What Australia and South Africa have in common is a high basic interest rate when compared to the United Kingdom.

The basic rate at the Bank of England is 0.25%, at the Reserve Bank of Australia it is 1.5% and at the South African Reserve Bank it is 7.0%.

If you could borrow at 0.25% and earn interest at 7%, would you not do it? It’s money for nothing.

Of course that is not strictly true as there are risks that the Rand falls, in which case your investment would be wiped out.

But investors certainly are doing it at present having observed that the risks of the so-called carry-trade have receded in 2017.

“Carry trade investors typically look for higher yielding currencies with low volatility – effectively trying to avoid the currencies where big daily swings can wipe out several weeks/months of yield gains,” says Christopher Turner, Global Head of Strategy at ING Wholesale Banking in London.

The Carry-to-Risk ratio is a popular method to assess this.

ING we look at the implied 3m yield on a variety of EM currencies and adjust them by 3m traded volatility – a gauge of expected volatility.
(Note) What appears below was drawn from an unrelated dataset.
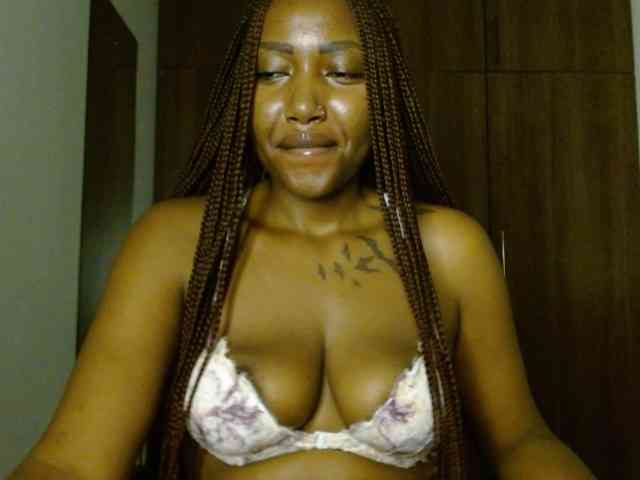 Prety-chocolatte webcam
INR, BRL and RUB look the most attractive on this measure currently.

Carry to risk ratio

But, an assessment of the risks surrounding ZAR are also favourable, and it is not just against the Pound where the currency is profiting - the Euro, US Dollar and Yen are other candidates as funding currencies for the carry trade owing to the low interest rates on offer.

“The current environment has been favourable for carry currencies;” says Tejas Sathian at UBS in London.

Sathian says US Federal Reserve Chair Yellen’s testimony to the US senate this week should help maintain this environment as there is no sense of urgency to hike rates rapidly in a way that would destabilise emerging market currencies.

Investors generally turn to carry at times of rising growth prospects and lower volatility.

That the US is likley to maintain a gradual path of interest rises helps this stability.

Currently global growth forecasts are in the process of being revised higher with the IMG seeing 2017 and 2018 growth at 3.4% and 3.6% versus 3.1% in 2016.

“FX carry trades are starting to perform strongly, driven by expectations of synchronised global growth and a sense that carry can perform during a Fed tightening cycle – as it did over a decade ago. With cash levels still quite high and investors seemingly underweight EM, we would expect selected carry funded equally out of weighted USD, EUR and JPY to continue to perform well,” says Turner.